(Captioned web images)
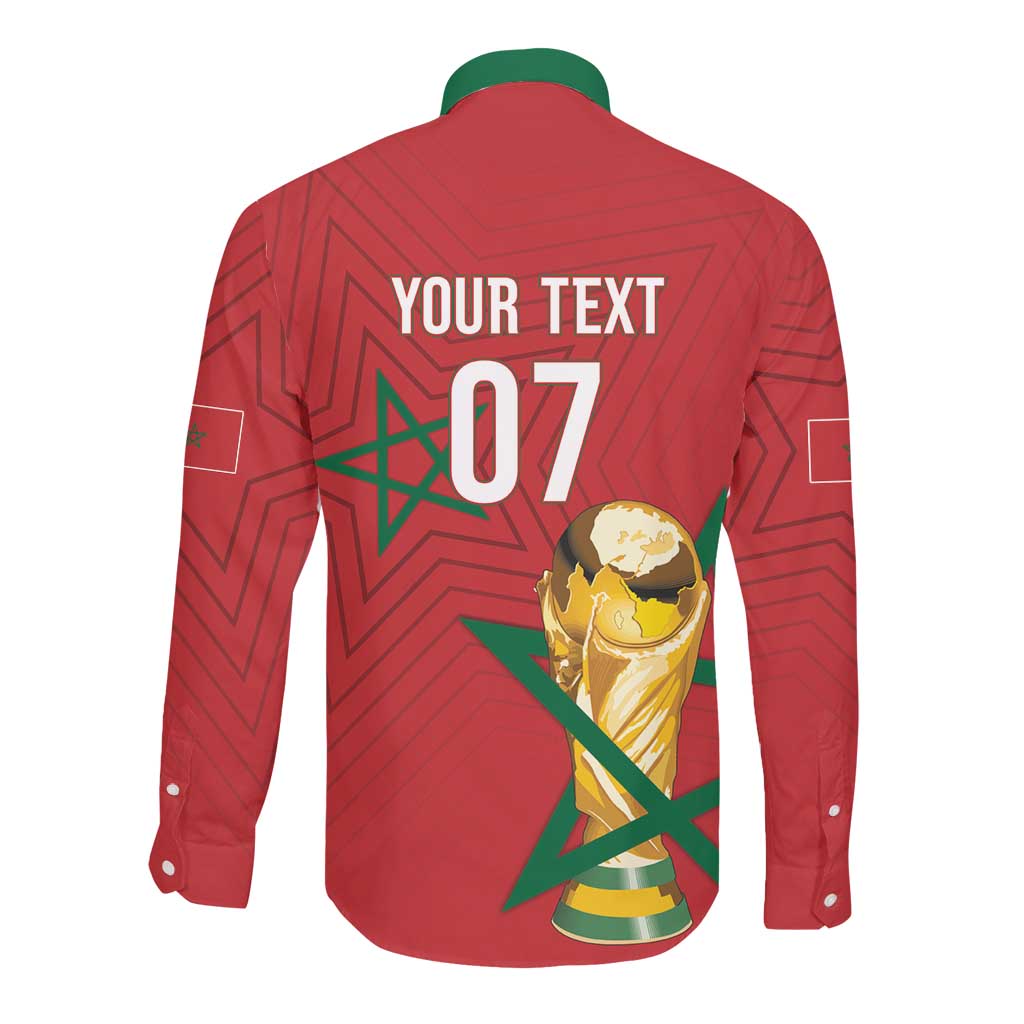 Morocco Football WC2026 Custom Long Sleeve Button Shirt Atlas Lions - Conquer The World - Wonder Print Shop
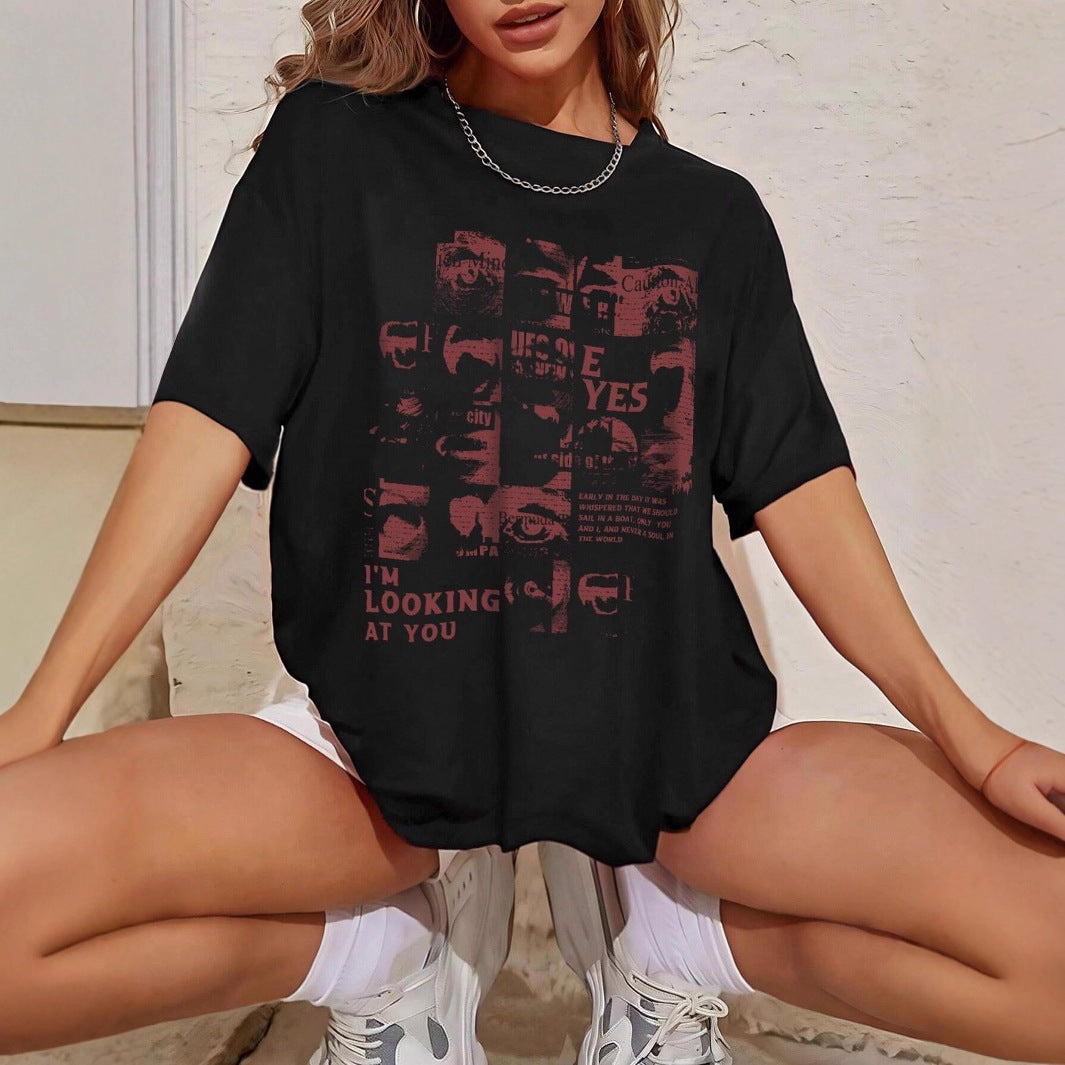 Damen Oversized T-Shirt mit kreativem Schriftzug und lässigem Schnitt Drune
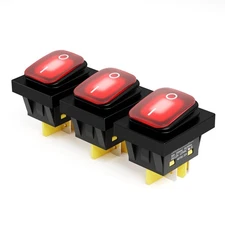 3 PCS Black KCD4 DPST Waterproof Rocker Switches, 30A, 12V 24V, Red LED, On Off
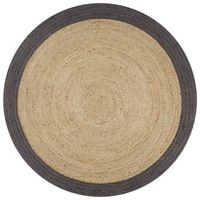 alfombra hecha a mano de yute con borde gris oscuro 150 cm vidaxl
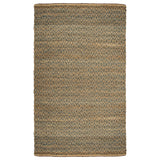 Superior Natural Jute Flatweave Diamond Reversible Black Area Rug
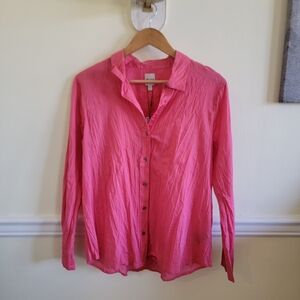 Nix & Zoe Cotton Girlfriend Shirt Xs Bright Rose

== WHAT IS NEEDED ==
Word for word, restate the lines from the line with "alfombra hecha a" through the last line of the entries, and nothing beyond them. Omit pictures.

== SOLUTION ==
 alfombra hecha a mano de yute con borde gris oscuro 150 cm vidaxl
 Superior Natural Jute Flatweave Diamond Reversible Black Area Rug
 Nix & Zoe Cotton Girlfriend Shirt Xs Bright Rose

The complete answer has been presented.